Joseph DeAngelo now faces charges in 12 murders that terrorized California during the 1970s and the 1980s.
Image: Golden State Killer
FBI sketches of the so-called Golden State Killer, who investigators say was responsible for 45 rapes, 12 homicides and multiple residential burglaries throughout California during the 1970s and the 1980s.FBI

LOS ANGELES — A retired police officer who investigators believe is the "Golden State Killer," who terrorized California during the 1970s and the 1980s, was charged Thursday with four more counts of murder, bringing to 12 the number of slayings he is charged with.

"Violent cold cases never grow cold for their victims or loved ones," Santa Barbara County District Attorney Joyce Dudley said at a news conference to announce the charges of first-degree murder against Joseph James DeAngelo, 72, who was a police officer in the California towns of Exeter and Auburn during the 1970s.

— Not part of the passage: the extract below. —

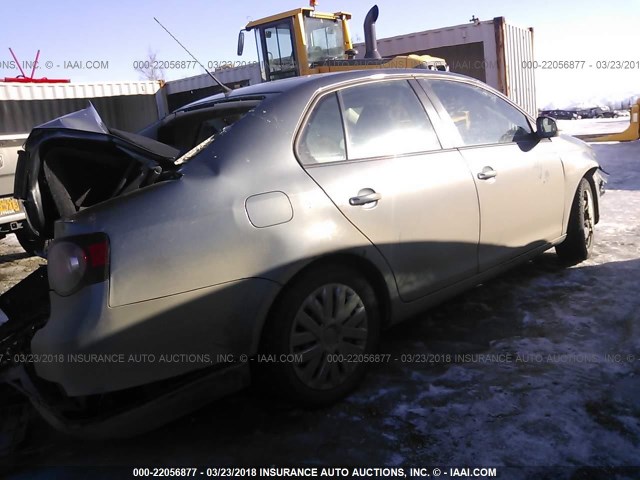 3VWJZ7AJ6AM004317 - 2010 VOLKSWAGEN JETTA S 灰色 照片 4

DeAngelo was arrested April 24 at his home in the Citrus Heights suburb of Sacramento. He has also been charged with four killings in Orange County, two in Ventura County and two in Sacramento County, and he is scheduled to appear in court in Sacramento on Monday.

Until Thursday, however, he hadn't been charged in Santa Barbara County, where authorities believe he killed Robert Offerman and Alexandria Manning in December 1979 and Cheri Domingo and Gregory Sanchez in July 1981, Dudley said. Each of the four new counts of first-degree murder with special circumstances carries a possible sentence of death or life in prison without parole.

Dudley said all of the 12 charges were coordinated with her colleagues in the other counties, a process she called "unprecedented." She offered no further details.

From Sacramento south to the Los Angeles suburbs, the masked gunman raped women who were home alone and women who were with their children, and he killed women and men together, police have said.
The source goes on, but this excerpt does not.